◆ WHAT TO PRODUCE: Restate every entry verbatim; drop the pictures.
- Opening Delimiter -
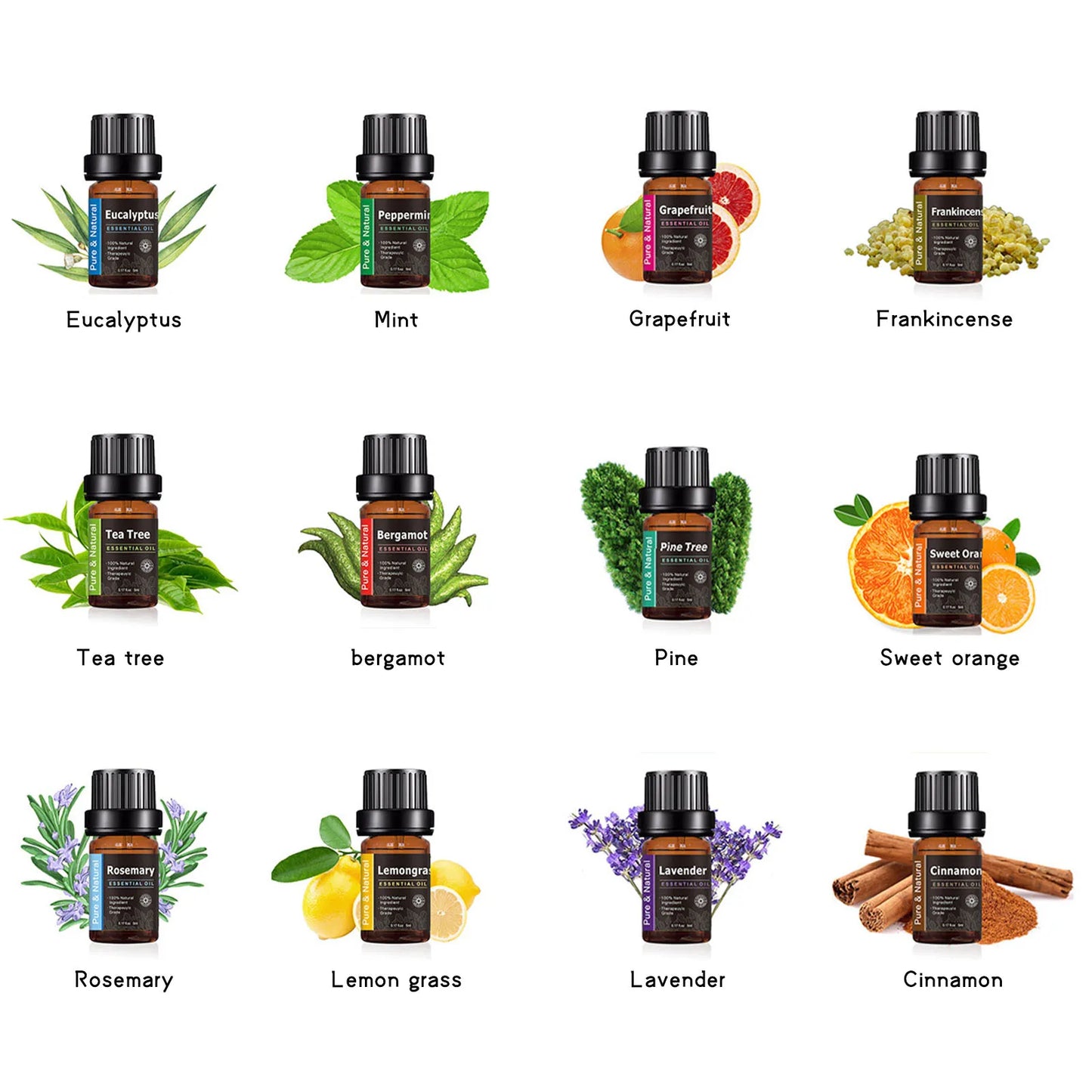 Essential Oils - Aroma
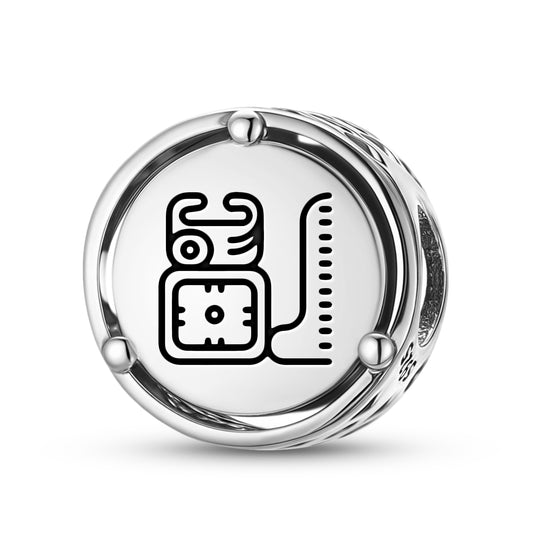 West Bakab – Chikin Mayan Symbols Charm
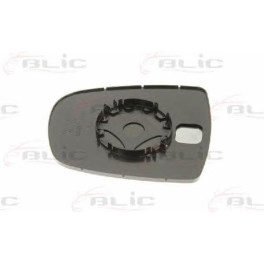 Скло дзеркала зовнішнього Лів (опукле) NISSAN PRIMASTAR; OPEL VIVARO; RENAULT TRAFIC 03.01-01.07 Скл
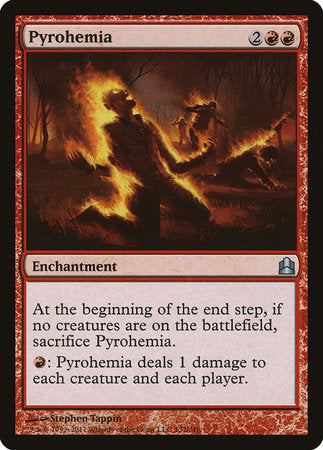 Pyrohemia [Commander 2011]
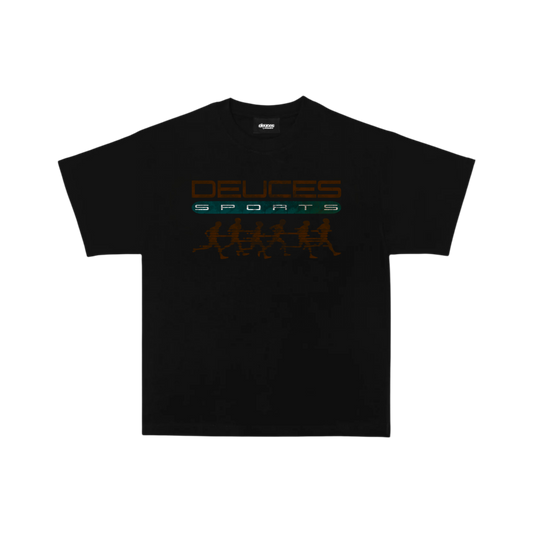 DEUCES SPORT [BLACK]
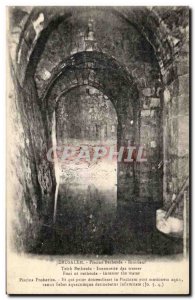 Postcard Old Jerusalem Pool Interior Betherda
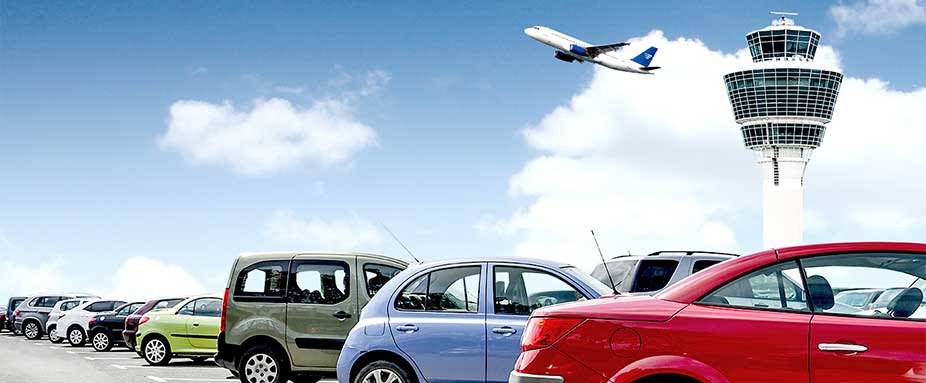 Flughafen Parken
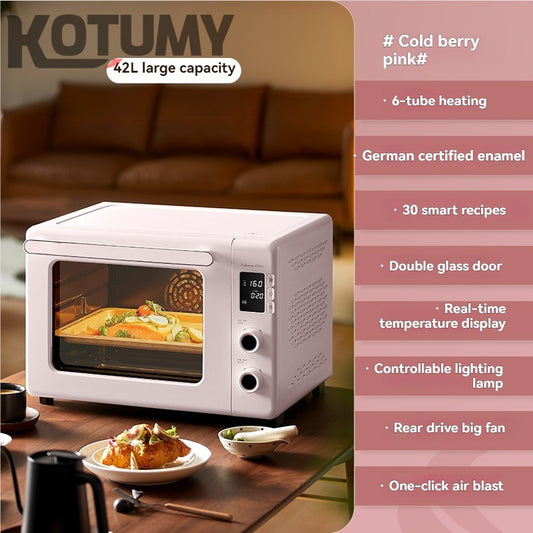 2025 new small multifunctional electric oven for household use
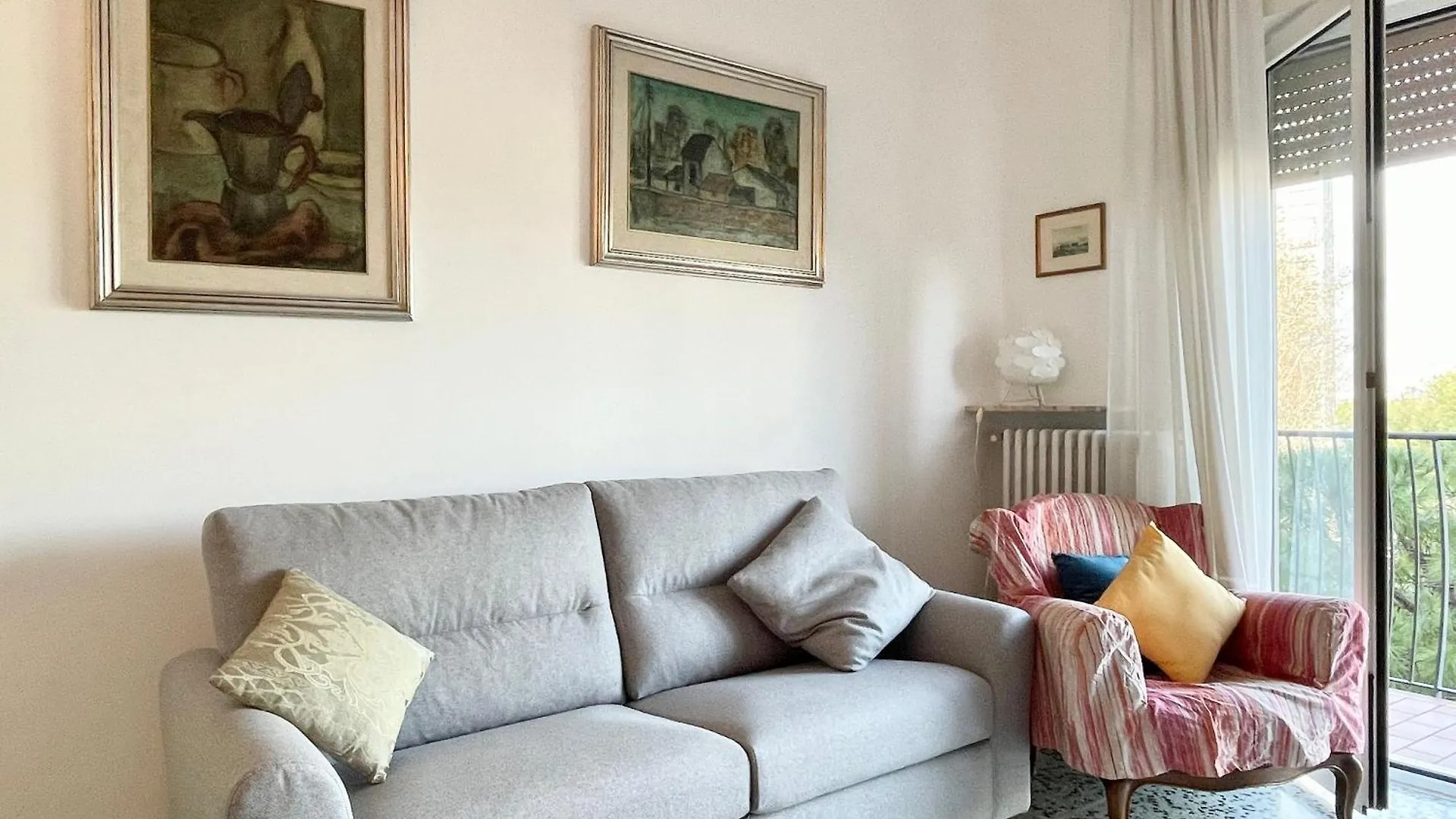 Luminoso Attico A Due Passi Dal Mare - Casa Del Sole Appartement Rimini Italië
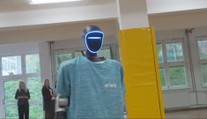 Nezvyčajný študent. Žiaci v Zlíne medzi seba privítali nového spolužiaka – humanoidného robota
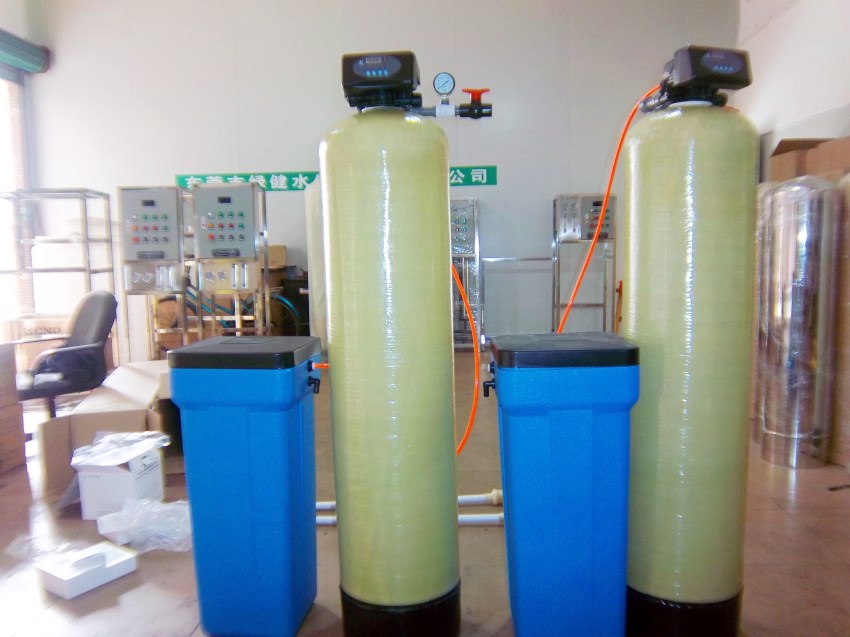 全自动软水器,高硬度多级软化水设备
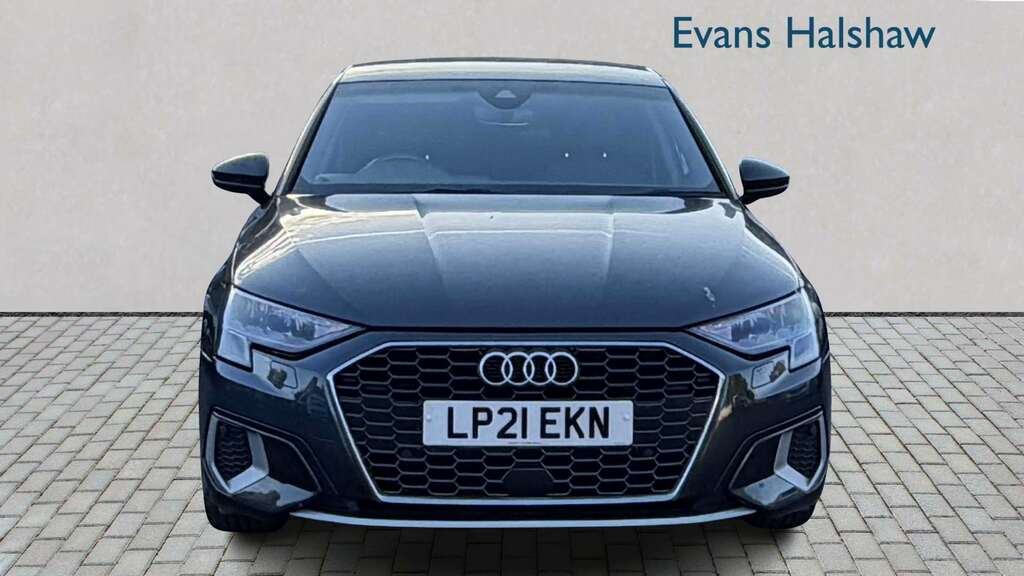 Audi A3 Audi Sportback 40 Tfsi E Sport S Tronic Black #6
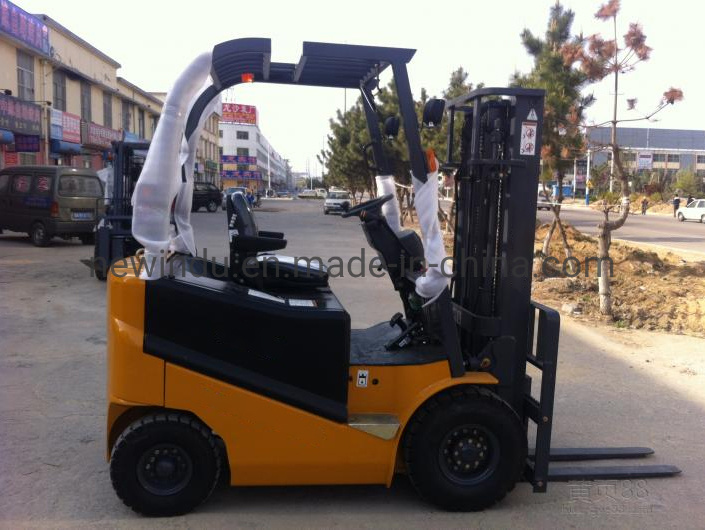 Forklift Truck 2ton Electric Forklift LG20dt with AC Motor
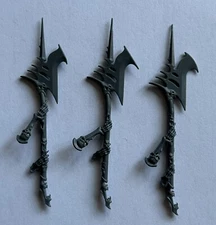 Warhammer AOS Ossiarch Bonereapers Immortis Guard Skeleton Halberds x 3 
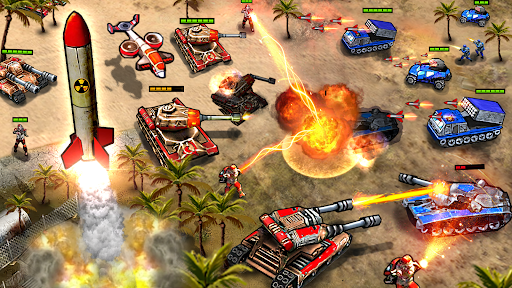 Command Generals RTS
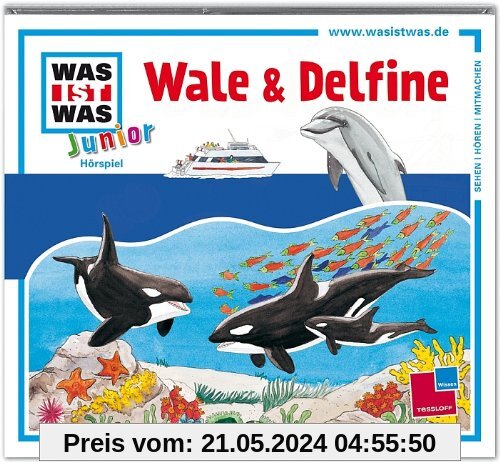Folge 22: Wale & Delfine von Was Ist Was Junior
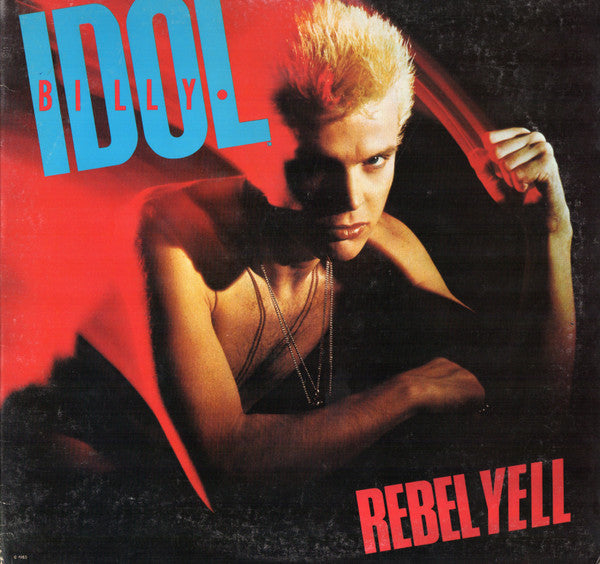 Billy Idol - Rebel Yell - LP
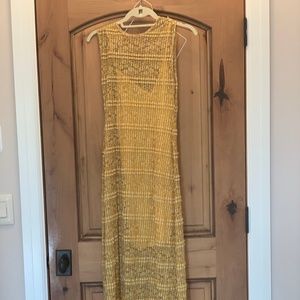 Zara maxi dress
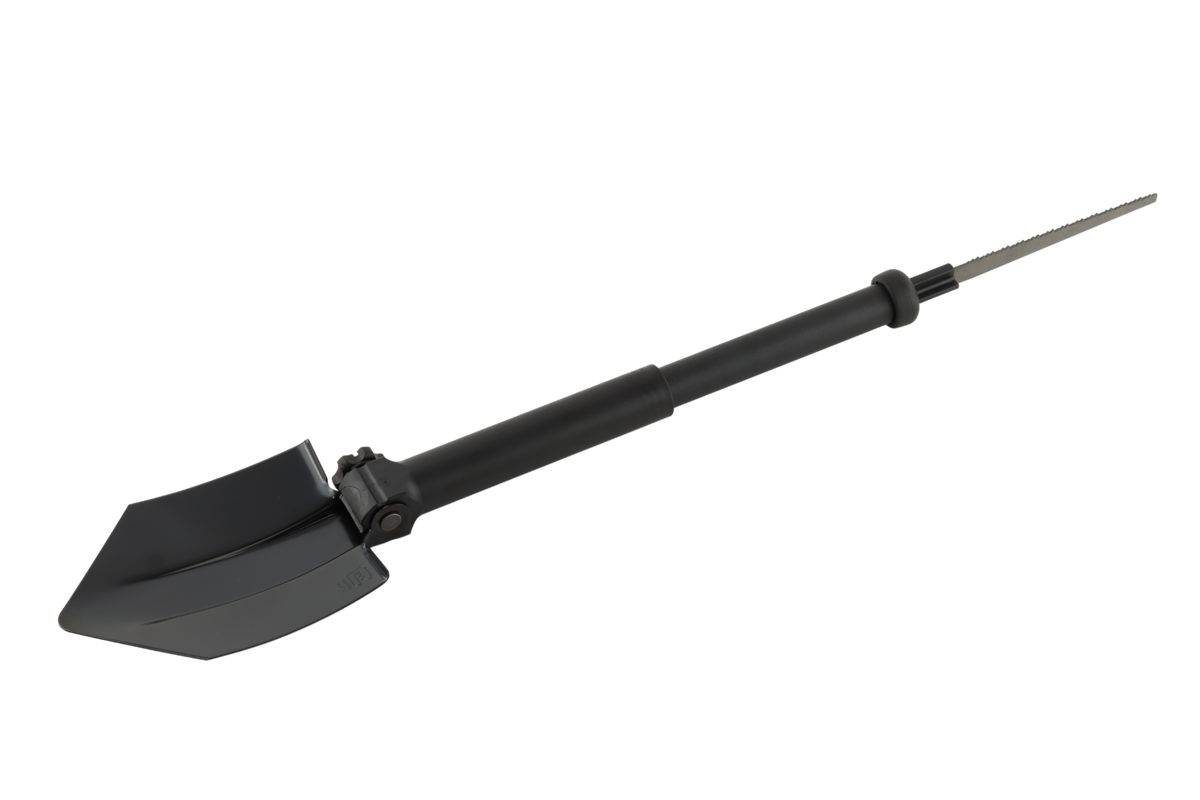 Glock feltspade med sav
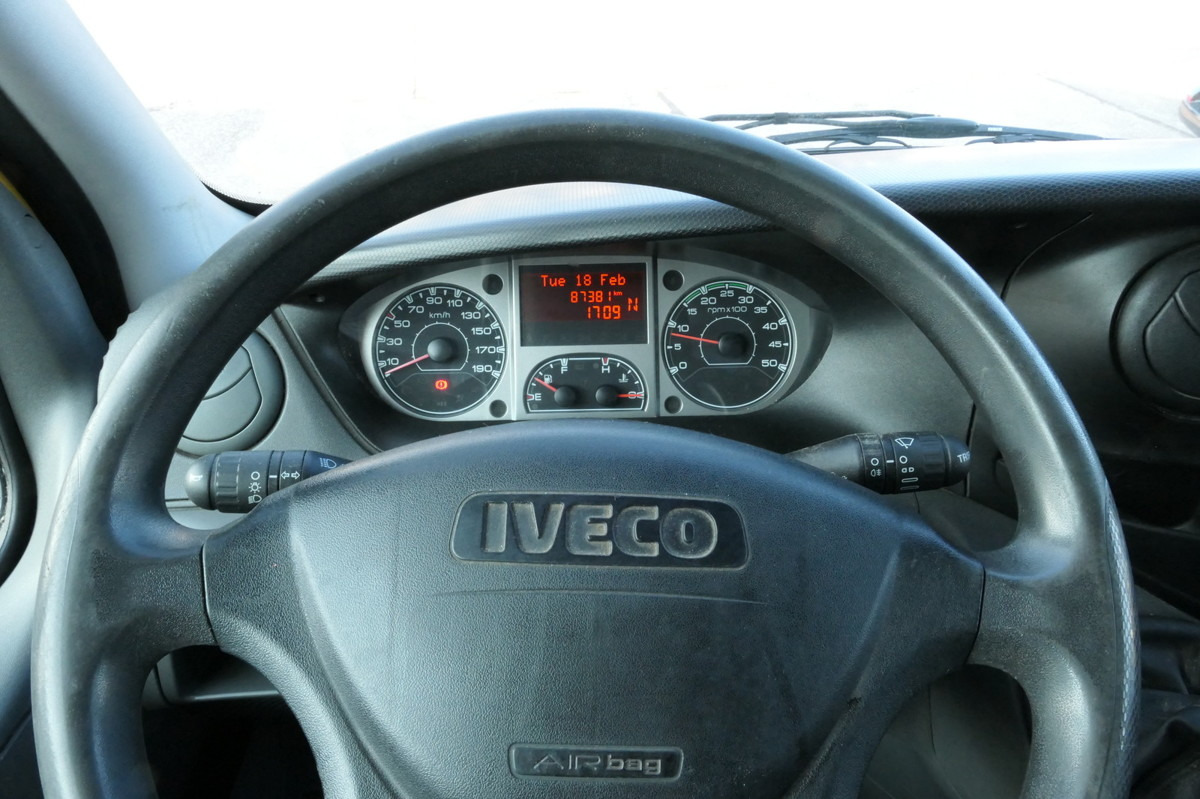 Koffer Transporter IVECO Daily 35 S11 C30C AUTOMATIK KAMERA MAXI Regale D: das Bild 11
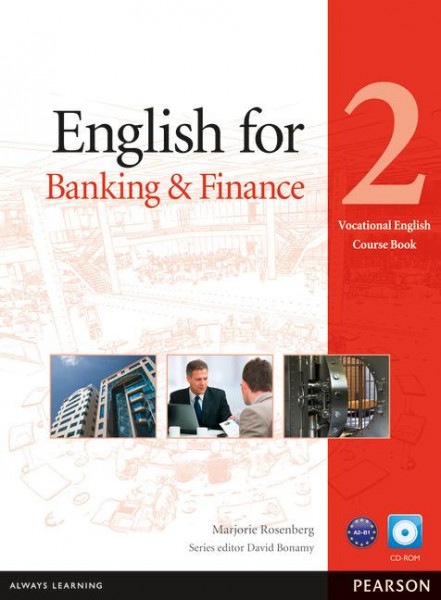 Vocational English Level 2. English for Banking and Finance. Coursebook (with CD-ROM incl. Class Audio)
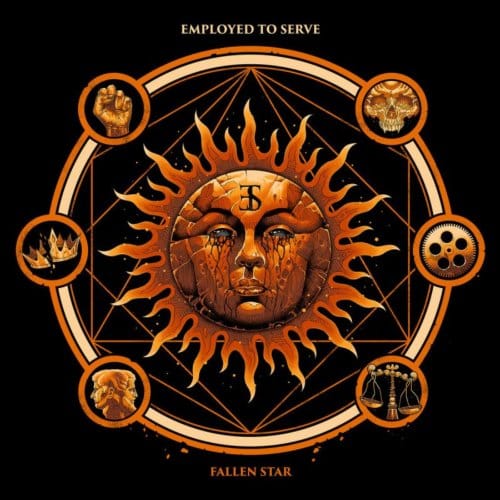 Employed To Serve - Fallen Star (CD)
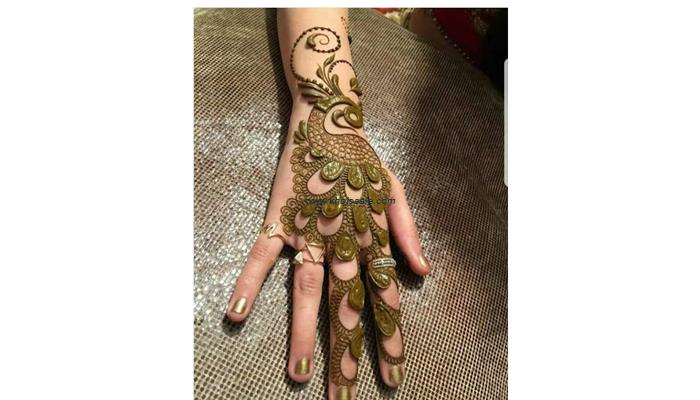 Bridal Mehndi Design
- Closing Delimiter -
◆ ANSWER AREA:
 Essential Oils - Aroma
 West Bakab – Chikin Mayan Symbols Charm
 Скло дзеркала зовнішнього Лів (опукле) NISSAN PRIMASTAR; OPEL VIVARO; RENAULT TRAFIC 03.01-01.07 Скл
 Pyrohemia [Commander 2011]
 DEUCES SPORT [BLACK]
 Postcard Old Jerusalem Pool Interior Betherda
 Flughafen Parken
 2025 new small multifunctional electric oven for household use
 Luminoso Attico A Due Passi Dal Mare - Casa Del Sole Appartement Rimini Italië
 Nezvyčajný študent. Žiaci v Zlíne medzi seba privítali nového spolužiaka – humanoidného robota
 全自动软水器,高硬度多级软化水设备
 Audi A3 Audi Sportback 40 Tfsi E Sport S Tronic Black #6
 Forklift Truck 2ton Electric Forklift LG20dt with AC Motor
 Warhammer AOS Ossiarch Bonereapers Immortis Guard Skeleton Halberds x 3 
 Command Generals RTS
Folge 22: Wale & Delfine von Was Ist Was Junior
 Billy Idol - Rebel Yell - LP
 Zara maxi dress
 Glock feltspade med sav
 Koffer Transporter IVECO Daily 35 S11 C30C AUTOMATIK KAMERA MAXI Regale D: das Bild 11
 Vocational English Level 2. English for Banking and Finance. Coursebook (with CD-ROM incl. Class Audio)
 Employed To Serve - Fallen Star (CD)
 Bridal Mehndi Design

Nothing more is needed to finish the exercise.